While the PN pounced on this for much of the week , going as far as sharing an ad on Facebook which showed Robert Abela putting the PN’s manifesto through a photocopier, this is not a new strategy by any means.
In fact, the PL launched its electoral manifesto midway through the electoral campaign in both 2013 and 2017, employing a similar strategy of revealing the party’s main measures during press conferences earlier in the campaign before going into more detail as the campaign reaches its climax.
It contrasts with the strategy which the PN has employed: the party launched their manifesto 100 hours into the electoral campaign, and has been outlining some of its key measures ever since then, with the trackless tram being the latest this week (more on that later).
Which strategy will work? Survey numbers have not really changed since the PN launched their manifesto, suggesting that the party’s early launch and the PL’s later launch hasn’t made much of a difference.
Then again, though, since when did party manifestos determine who is elected?
The University debate which only reinforced why we need a third party
Of course, the main event of the past week was the University debate.
It was the first leaders’ debate between Bernard Grech and Robert Abela, and probably the first leaders’ debate since Joseph Muscat and Simon Busuttil sparred in the run-up to the 2017 general election.
Beyond the vastly partisan crowd, however, the debate itself did not result in too many talking points.
Abela and Grech both repeated things which we’ve heard quite a few times before, and both traded barbs which were perfectly predictable.
If anything, it was ADPD leader Carmel Cacopardo who came out looking the best of the bunch in the debate. The Greens leader was praised for his realistic and succinct interventions, with a number of them actually prompting significant applause from an audience which was very much vested in the PN-PL political divide.
Perhaps the pity is that while people like Cacopardo and Cassola before him seem to consistently appear to be the best and most realistic political leaders from these debates – at least in the eyes of many people – those same people don’t take the plunge of actually trusting them with their vote.
ABBA party leader Ivan Grech Mintoff didn’t say many things with a semblance of sense during the debate, but one thing he did say which made sense was his final appeal to people to vote for a third party if they are not happy with the current situation in Maltese politics.

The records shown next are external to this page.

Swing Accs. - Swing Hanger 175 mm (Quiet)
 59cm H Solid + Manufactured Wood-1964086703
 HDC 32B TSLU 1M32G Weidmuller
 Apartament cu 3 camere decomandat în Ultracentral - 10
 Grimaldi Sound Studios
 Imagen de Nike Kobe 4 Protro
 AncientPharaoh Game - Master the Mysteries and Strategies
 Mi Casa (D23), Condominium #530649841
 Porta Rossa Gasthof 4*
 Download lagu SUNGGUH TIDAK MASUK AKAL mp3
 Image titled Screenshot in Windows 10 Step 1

Many people aren’t happy with the duopoly which exists in Maltese politics, and yet the vast majority won’t use their vote to actually change it.
If the debate is any evidence, there’s no better time to trust a third party like ADPD.
War in Ukraine continues to dominate the campaign
The war in Ukraine continues to dominate the electoral discourse, even as the third week comes to a close.
Many of the major issues which are dominating the campaign are centred around the war. While the hubbub around the golden passport scheme has died down since the government’s u-turn decision to stop selling them to Russians, the cost of living impacts that the war will have are not as easy to escape.
Finance Minister Clyde Caruana has said that Malta has already spent €200 million in order to keep prices stable as they explode elsewhere in Europe.
How parties will handle the cost of living issue, which was already an issue before the war in Ukraine broke out, and the product shortages which may come about owing to the war, could make or break campaigns, particularly if prices start to increase in the immediate time before the election.
There has also been criticism in some sectors regarding how the government has handled its humanitarian response to the war, particularly as Ukrainians are still expected to spend 14 days in quarantine at their own expense, and over apparent threats and warnings to the Ukrainian community not to associate with NGOs such as Repubblika, who have organised a number of protests and demonstrations in solidarity with Ukraine.
Bernard Grech has tried to capitalise on the government’s response to the war, with the latest attempt coming on Thursday during the University debate, where he used part of his closing address to propose a day-long stop to the electoral campaign and for all parties to come together in a peace march for Ukraine.
Robert Abela did not respond to the request, and the peace march never happened.
It would have been nice had it actually happened, particularly as matters such as a general election campaign seem trivial when there is a war taking place in Europe, and particularly as more and more images of the devastation emerge, and it’s a pity that Abela did not agree to the event, which could have served as a rare moment when the political party divide is swept aside to come together for something bigger.
But alas, tribalism rules supreme once more.
Key policy battle: PL throw their weight behind sexual health
Over the past week, the PL has taken the politically wise course of action of placing emphasis on an area where the PN has always been notoriously weak: sexual health.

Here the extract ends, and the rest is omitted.